Somos los otros (La Hora)

Fuera del pilche

Nunca estamos solos. Más aún, no somos solos. A más de ser únicos como seres, somos un producto de los otros . Decir “yo soy” es una verdad a medias; extrapolando, casi una mentira o ráfaga emotiva. El astrofísico Carl Sagan dijo que “somos polvo de estrellas”, frase que repite Jostein Gaarder en El mundo de Sofía; y al polvo —a la materia, a la energía universal, o a Dios, si se quiere—, volvemos al acabarnos. Mientras tanto, en el venir desde las estrellas y en regresar a ellas algún día, somos hechura de los otros. Desde que nos conciben, pues fueron esos primeros otros los que intervinieron, y esa familia, estable o descompuesta, la que nos marcó. Cada ser lleva en sí, a más de su ser único, toda la humanidad. Esa es la maravillosa paradoja del ser humano: ser en sí un mundo y ser parte del universo mundo y de la historia. Dice un personaje de Salman Rushdie: “Soy la suma total de todo lo que ocurrió antes que yo, de todo lo que ha sido visto y hecho, de todo lo que me han hecho (…) para entenderme, tendréis que tragaros un mundo…”. El recién nacido llega de la nada, pero no comienza en la nada.

Aún en el mito de la creación, los primeros seres fueron dos: hombre y mujer. Y, en el mito de la trinidad, Dios es tres. Por siglos Dios fue mujer antes de ser varón. El dogma católico descompone al mismo Ser Supremo en dos: Dios y Hombre. Y si pensamos en términos evolucionistas, la realidad es abrumadora. Fuimos, en suma, paridos por el universo, desde una partícula con un germen de vida hasta llegar al humano que no es más que un animal con un cerebro extraordinario. Genéticamente somos iguales a los otros, incluyendo algunos animales. Inclusive los problemas de identidad personal, de comunicación o de interdependencia se resuelven ante y con los demás. ¿En quién nos miramos? Día a día usamos los referentes de los demás para sentirnos vivos y actuantes. Generalmente dormimos con alguien.

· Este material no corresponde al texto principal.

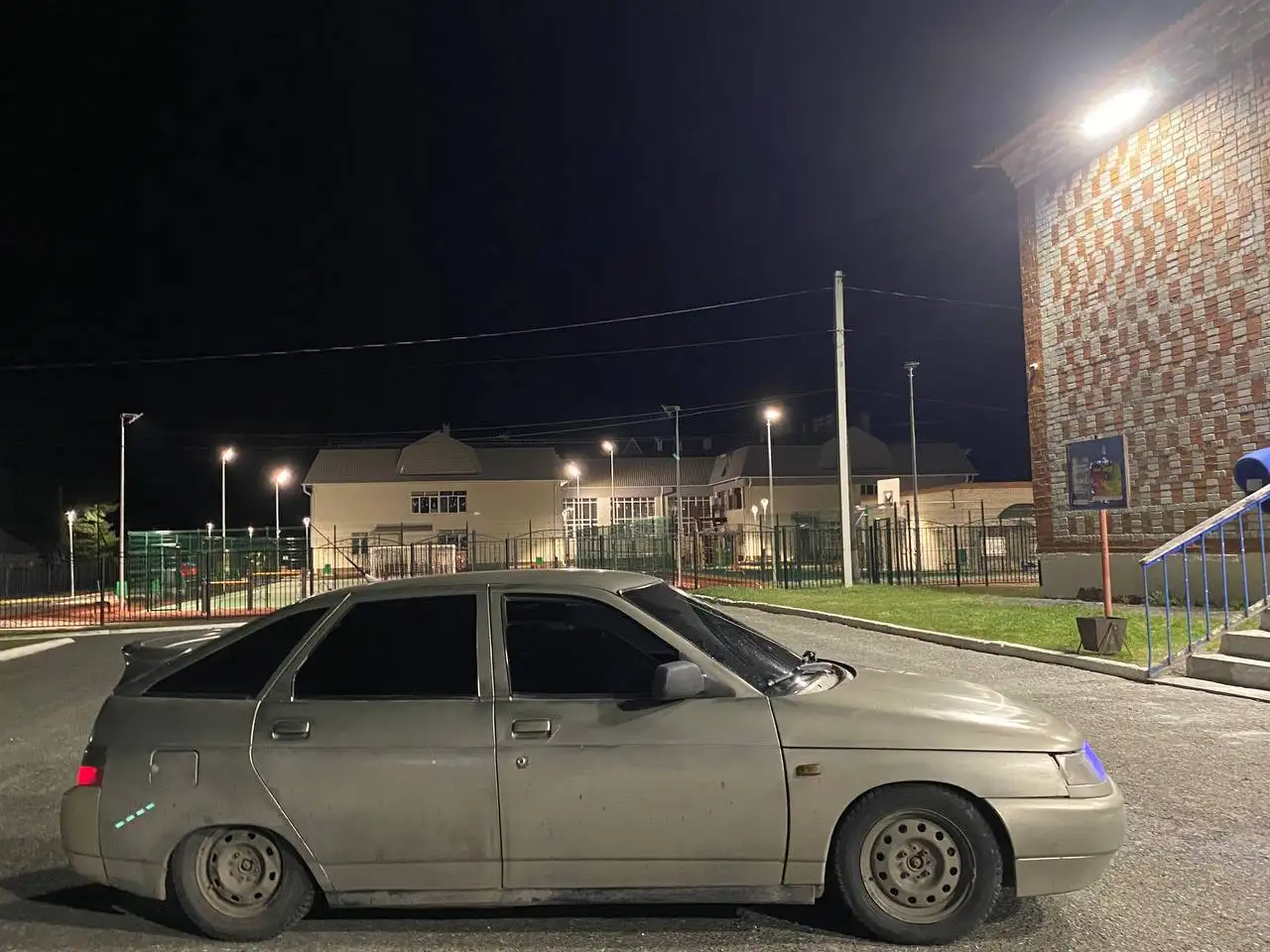 Продажа ВАЗ 2112 - Легковые автомобили (Авто) в Тюмень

En un mundo mediatizado e inmediatista, competitivo y consumista (y mentiroso además), a veces se piensa poco, y se profundiza menos. No nos permite el tiempo y la presión exterior agobia. A políticos, religiosos y dirigentes se les oye decir: “Seamos mejores para que la sociedad cambie”. Así que tenemos que ser diferentes para los demás modifiquen sus actitudes. ¿Y por qué necesariamente vamos a tratar de ser mejores tú, él y yo? ¿En virtud de que estímulo? ¿De qué exigencia? Primero fuimos o somos seres sociales; después sujetos personales. Nuestro desarrollo y los procesos de información y aprendizaje están marcados por todo lo que recibimos, desde los largos nueve meses dentro del vientre de una otra. La sociedad está antes que el individuo. Cada ser se explica por los otros. No hay individuo sin sociedad. La sociedad es mucho más que la suma de los que la forman. La ética se entiende porque existen semejantes.

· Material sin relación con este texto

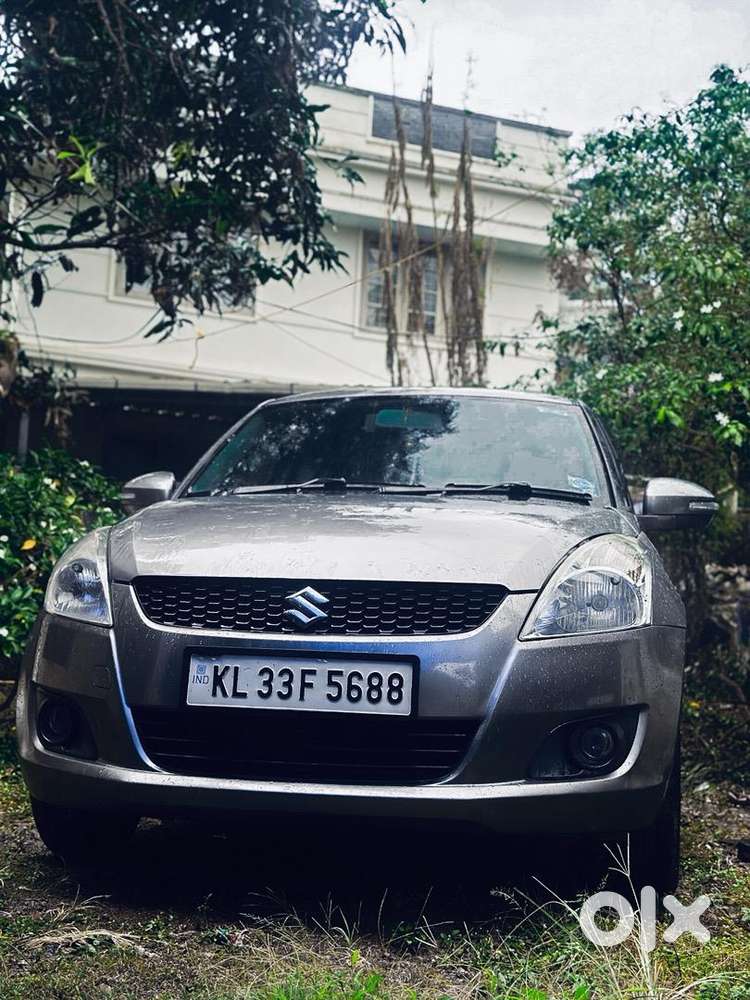 Maruti Suzuki Swift 2014 Petrol 63000 Km Driven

No es difícil concluir que para ser distintos debe cambiar primero la sociedad. Nuestro deseo de ser felices no puede eliminar a los demás. Que para ser “libres”, esa libertad debe insertarse en la libertad de los otros. Que nuestra “igualdad” debe realizarse dentro de la igualdad con los otros. Y que, por supuesto, el bienestar social o la “riqueza” común no podrá ser nunca la suma de las felicidades y de los bienes individuales…

Para ser distintos, necesitamos otro tipo de sociedad. Sólo una sociedad diferente nos hará cambiar. Y no se conoce otra vía que las ideas seguida de la acción política… Salvo que se crea vivir un estado ideal o que los otros no nos importen, caso en el cual el cambio —o el caos— llega por otras vías…

“Somos los demás de los demás” dice José Saramago.